“While he was eating chicken dinner that night, her Indian hired man went out to his auto and switched samples.”
I asked Sparkplug why he didn’t sue her.
“If you had $5,000,000 would you want the whole dam’ state laughing at you?”
Randsburg, which boomed in the early Eighties as a result of gold strikes in the Yellow Aster, the King Solomon, and later the Kelly silver mine, soon became one of the principal eastern gateways to the Panamint and to Death Valley by way of Granite Wells and Wingate Pass.
A curious story of a man haunted by his conscience is that of William Dooley and told to me by Dr. Samuel Slocum, who had come to Randsburg from Arizona after making a fortune in gold.
A howling blizzard had driven everyone from the streets and the campers in Fiddlers’ Gulch into Billy Hevron’s saloon. Dr. Slocum, lost in the blinding snow and stumbling along the street, felt with his hands for walls he couldn’t see, while a barroom noise guided him to the door.

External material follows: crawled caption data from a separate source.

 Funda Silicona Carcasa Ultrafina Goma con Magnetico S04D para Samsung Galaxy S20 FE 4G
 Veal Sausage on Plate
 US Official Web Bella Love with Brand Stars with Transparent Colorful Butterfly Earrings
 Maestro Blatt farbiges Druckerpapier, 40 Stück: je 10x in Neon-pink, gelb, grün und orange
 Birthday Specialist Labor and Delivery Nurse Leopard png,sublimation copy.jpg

At the bar he saw William Paddock, mining engineer. “Bill, you’re the man I’m looking for. I can’t find anyone who can tell me how to get to Goler Canyon in Panamint Valley. You’ve been there and I want you to draw me a map.”
Paddock, finishing a drink ordered one for Slocum and introduced him to a man at his side: “This is Mr. Dooley,” Paddock said, and the doctor saw a great hulk of a man with black whiskers, small eyes, and an uneasy look. Before a word was spoken Slocum sensed Dooley’s instant dislike of him.

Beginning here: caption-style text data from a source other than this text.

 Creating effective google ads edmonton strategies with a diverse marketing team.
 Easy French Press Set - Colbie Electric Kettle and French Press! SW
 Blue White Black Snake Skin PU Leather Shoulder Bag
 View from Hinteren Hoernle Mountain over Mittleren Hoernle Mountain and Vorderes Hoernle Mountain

Slocum ordered a round of drinks. Dooley refused and walked to the farther end of the bar.
Paddock followed Dooley after a moment, talked with him and returned to his drink. He said to Slocum: “I’m in a curious situation. I don’t know much about Dooley, but down in Mexico he saved my life. Now it’s my turn to save his. He just killed a man in Arizona and came here to hide out. I’m taking him to Goler Canyon soon as this blizzard is over. He thinks you are a deputy U. S. Marshal and claims that he has seen you before and that you are no doctor.”